For aircraft with flap position indicators, wire 232 connects to
the terminal of flap position indicator 210. The terminal used is
the one which connects to the flap position transmitter 236 of the
aircraft. Power for flap position indicator 210 is provided by the
aircraft's power bus 216 through a circuit breaker 218.
A pair of wires 238 connect to air temperature sensor 92 which is
mounted on the cabin vent inlet by tying it with a cable tie.
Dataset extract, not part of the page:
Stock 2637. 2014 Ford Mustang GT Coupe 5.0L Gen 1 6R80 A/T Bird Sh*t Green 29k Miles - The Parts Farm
The other sensors of the flight data recorder are mounted inside
the recorder.
Referring to FIG. 9, the block diagrams of the optional accessories
of the flight data recorder are shown. FIG. 9A is the block diagram
of the cockpit voice recorder. A microphone 246 picks up the crews
voice signals inside the cockpit and a voice chip 240 records the
voice signal in its memory. Voice chip 240 is also capable of
playing back the recorded voice signal in analog form. The voice
signal is converted to digital by a serial analog-to-digital
converter 242. A microcontroller 248 controls the operation of the
voice chip and communicates with controller module 20 through a
serial port. The digitized voice signals are sent by the
microcontroller to the controller module, which stores it in
non-volatile memories 56 and 26. Since the voice chip has its own
memory, it is also possible to playback the voice signal directly
from the voice chip output. The cockpit voice recorder is housed in
its own waterproof, impact proof and fireproof enclosure and is
mounted in the vicinity of the aircraft crew. An example of a
company manufacturing the voice chip is ISD of San Jose, Calif. It
has its own analog voice memory that with a typical capacity of 8
minutes. It stores and plays back the most recent voice
signals.
FIG. 9B is the block diagram of the underwater communications data
transceiver. An ultrasonic transducer 252 generates high frequency
acoustic signals when transmitting and generates electrical signals
when receiving. An excitation circuit 254 applies the necessary
voltage levels for the transducer to transmit. A microcontroller
250 generates the excitation signal, which is basically the encoded
data being transmitted by controller module 20. When it is
receiving, a receiver circuit 256 amplifies the weak signals from
the transducer and converts it to digital pulses which are decoded
by microcontroller 250 and passed on to controller module 20. Two
underwater transceivers are needed: one for the aircraft, the other
for the data retrieval unit. The underwater transceiver on board
the aircraft is housed in its own waterproof, impact proof and
fireproof enclosure and is mounted near the flight data recorder.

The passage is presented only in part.